**Exercise**.
Your answer must be an exact copy of the entries below, with every picture removed.

::: Records

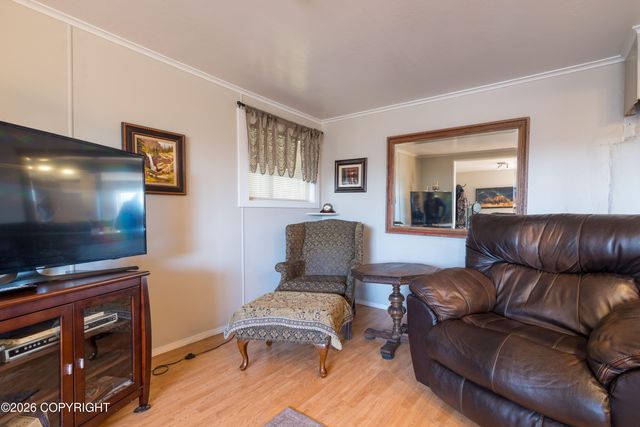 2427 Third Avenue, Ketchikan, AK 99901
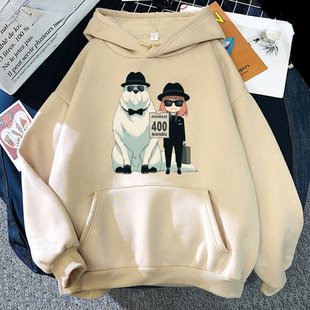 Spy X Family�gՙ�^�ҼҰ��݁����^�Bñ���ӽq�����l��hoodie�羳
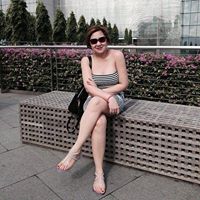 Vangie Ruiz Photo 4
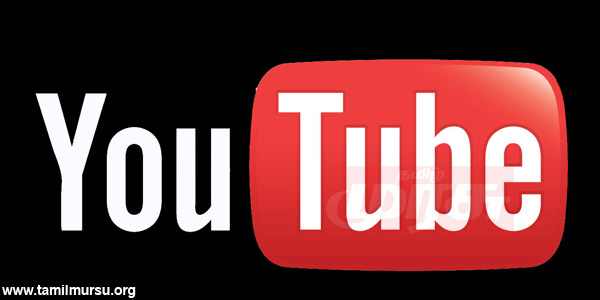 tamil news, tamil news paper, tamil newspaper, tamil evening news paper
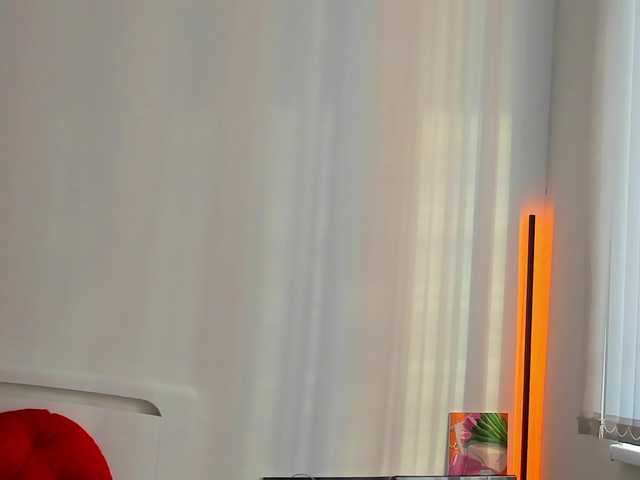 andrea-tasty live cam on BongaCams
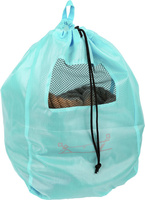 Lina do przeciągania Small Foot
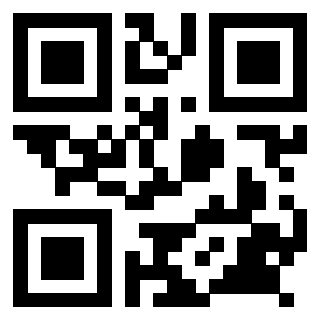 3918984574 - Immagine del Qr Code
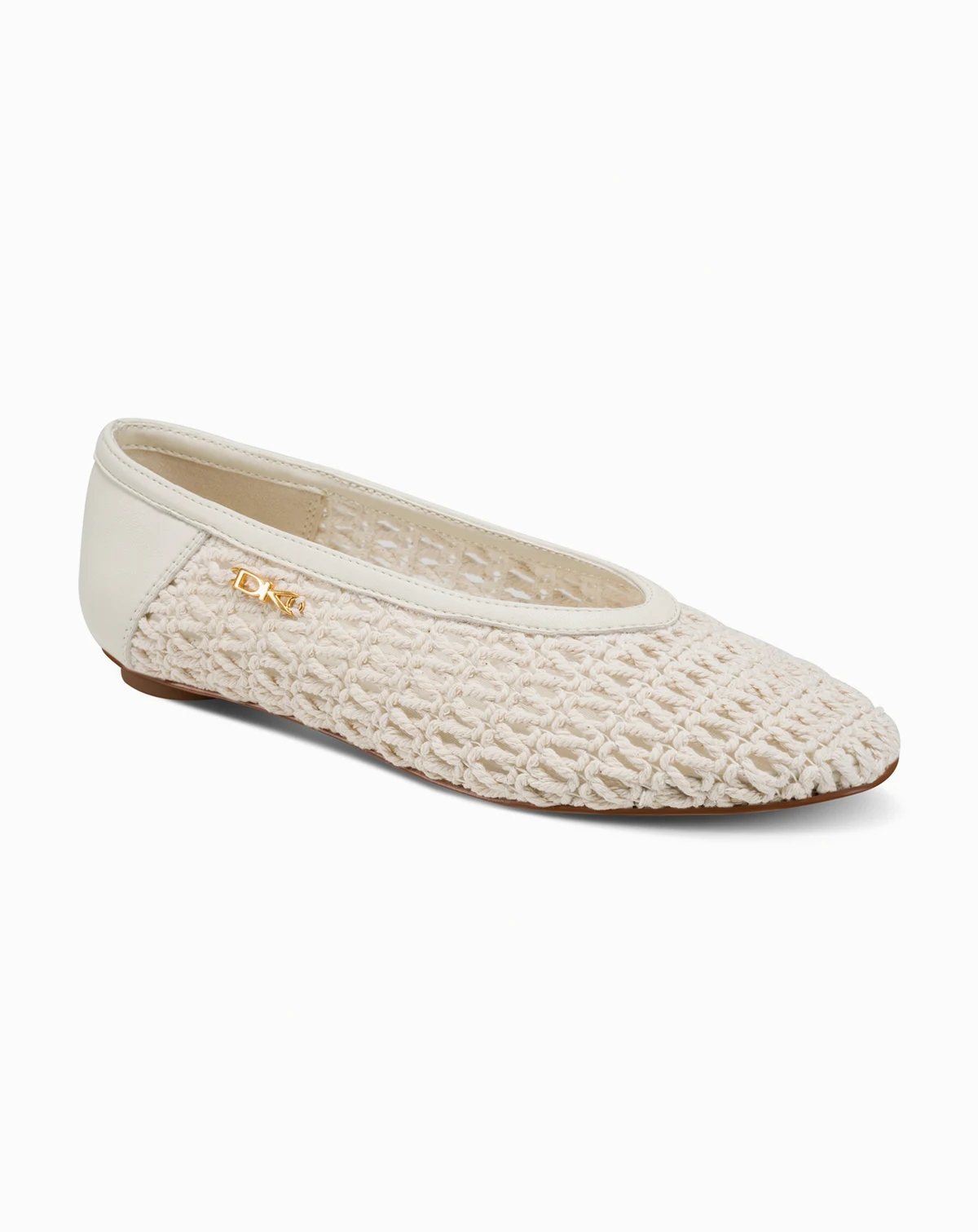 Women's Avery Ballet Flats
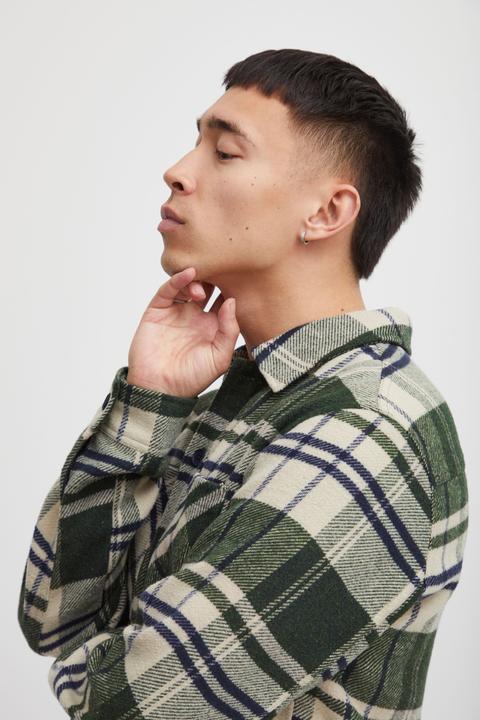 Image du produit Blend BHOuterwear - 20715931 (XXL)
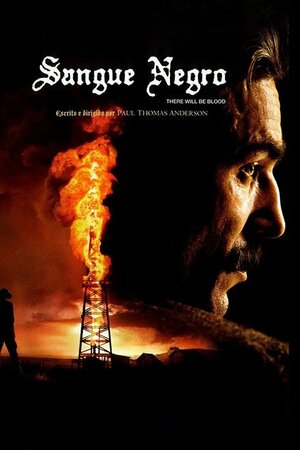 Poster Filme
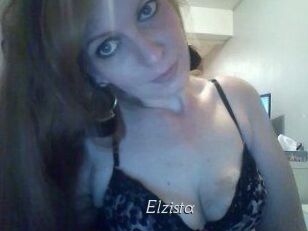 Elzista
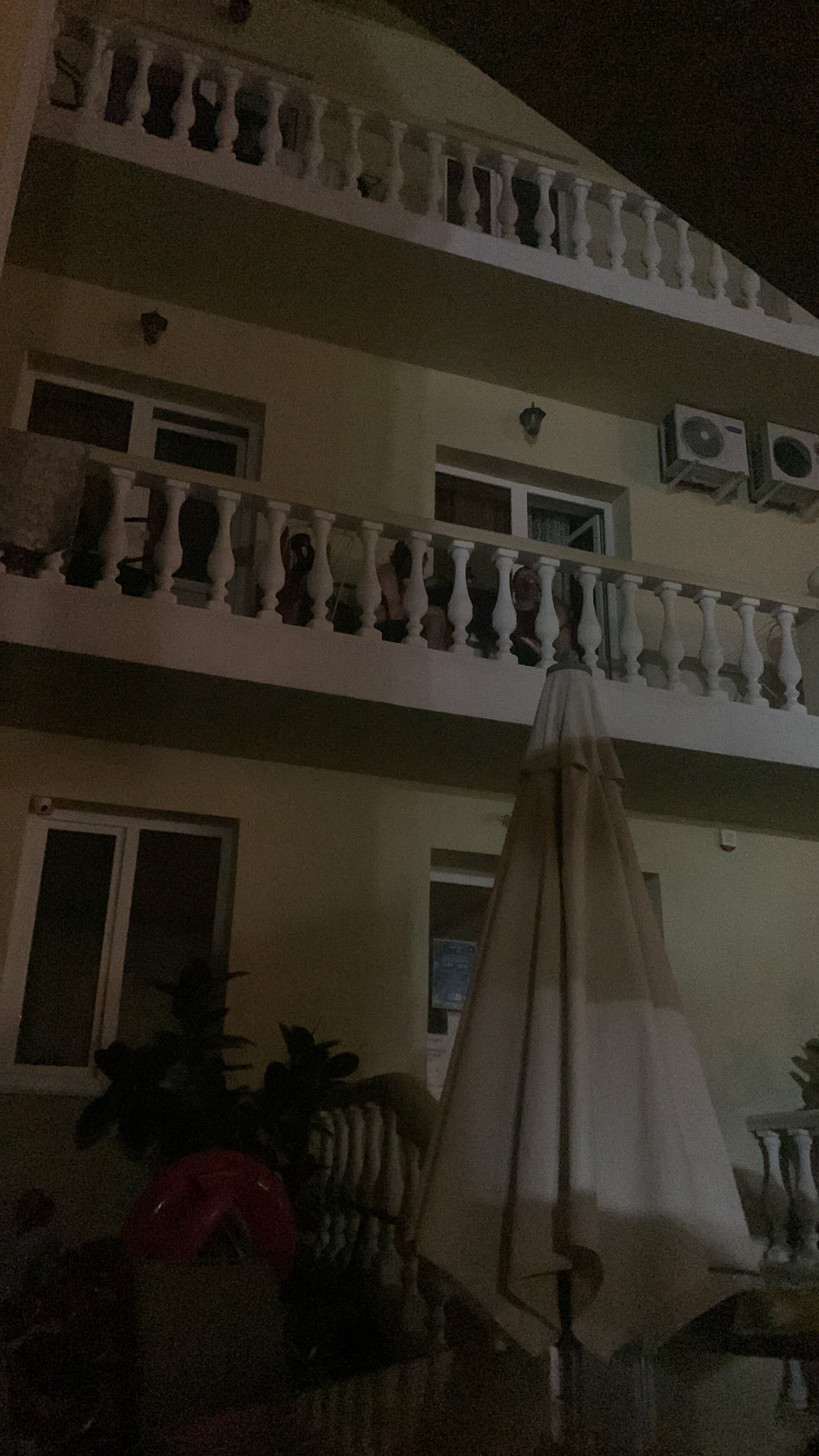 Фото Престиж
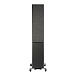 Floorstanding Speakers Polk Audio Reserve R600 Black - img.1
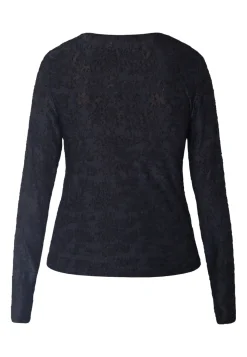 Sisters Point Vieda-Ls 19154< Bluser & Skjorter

::::::

**Your response**.
 2427 Third Avenue, Ketchikan, AK 99901
 Spy X Family�gՙ�^�ҼҰ��݁����^�Bñ���ӽq�����l��hoodie�羳
 Vangie Ruiz Photo 4
 tamil news, tamil news paper, tamil newspaper, tamil evening news paper
 andrea-tasty live cam on BongaCams
 Lina do przeciągania Small Foot
 3918984574 - Immagine del Qr Code
 Women's Avery Ballet Flats
 Image du produit Blend BHOuterwear - 20715931 (XXL)
 Poster Filme
 Elzista
 Фото Престиж
 Floorstanding Speakers Polk Audio Reserve R600 Black - img.1
 Sisters Point Vieda-Ls 19154< Bluser & Skjorter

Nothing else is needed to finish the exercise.